→ **Records supplied**:

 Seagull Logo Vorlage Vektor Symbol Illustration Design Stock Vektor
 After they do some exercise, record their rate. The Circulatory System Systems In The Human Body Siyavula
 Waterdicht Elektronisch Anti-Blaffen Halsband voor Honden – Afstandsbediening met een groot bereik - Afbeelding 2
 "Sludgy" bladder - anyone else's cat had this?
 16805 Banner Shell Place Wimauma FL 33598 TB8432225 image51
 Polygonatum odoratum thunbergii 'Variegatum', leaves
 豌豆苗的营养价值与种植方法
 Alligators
---
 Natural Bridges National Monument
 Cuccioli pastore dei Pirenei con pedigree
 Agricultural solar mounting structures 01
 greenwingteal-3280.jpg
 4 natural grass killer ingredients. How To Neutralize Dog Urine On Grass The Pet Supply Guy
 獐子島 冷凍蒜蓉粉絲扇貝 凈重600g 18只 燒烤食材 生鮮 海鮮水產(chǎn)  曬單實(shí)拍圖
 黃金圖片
* * *
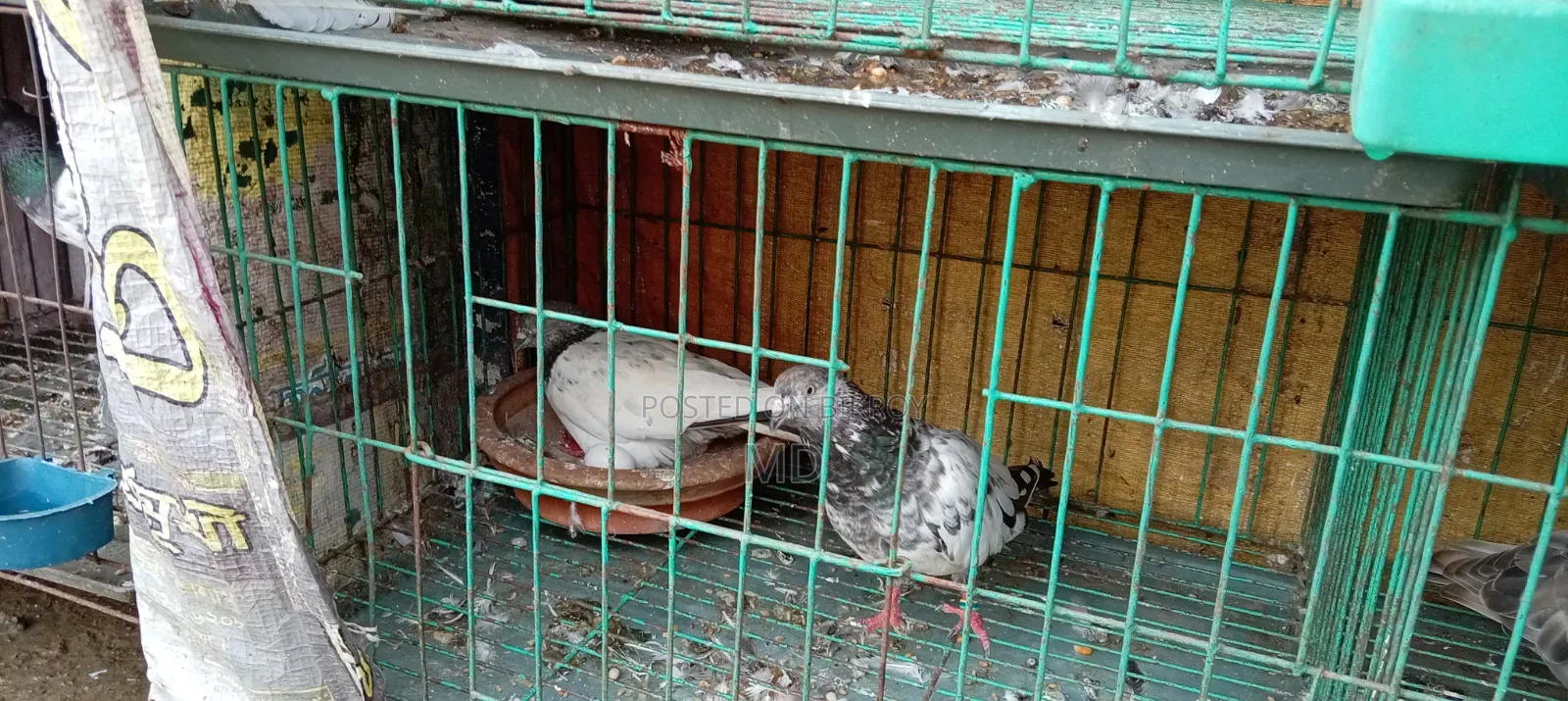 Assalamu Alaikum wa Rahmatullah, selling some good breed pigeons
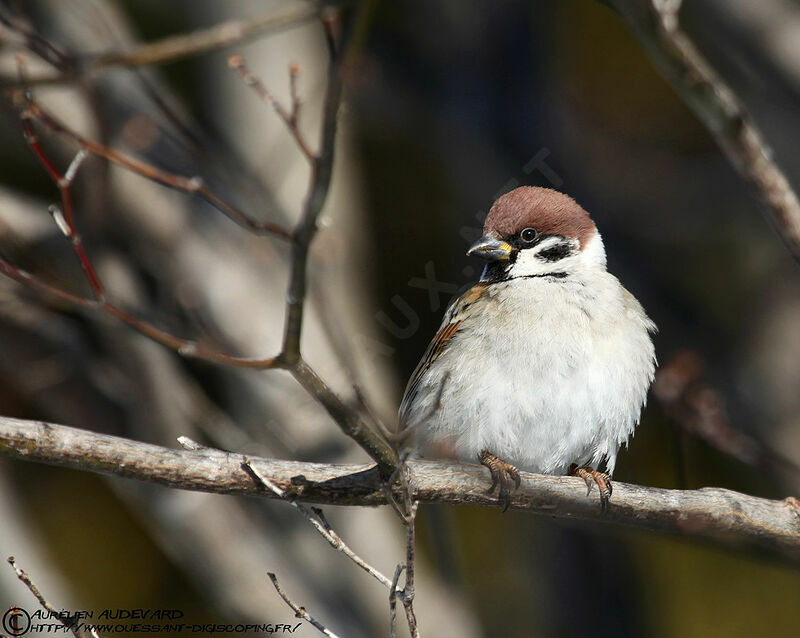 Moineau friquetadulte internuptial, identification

→ **What you should do**: In the records above, copy exactly everything from the line that has "Assalamu Alaikum wa" down to the line that has "Moineau friquetadulte internuptial, identification", both ends included, and leave out the pictures.

→ **Output of the task**:
 Assalamu Alaikum wa Rahmatullah, selling some good breed pigeons
 Moineau friquetadulte internuptial, identification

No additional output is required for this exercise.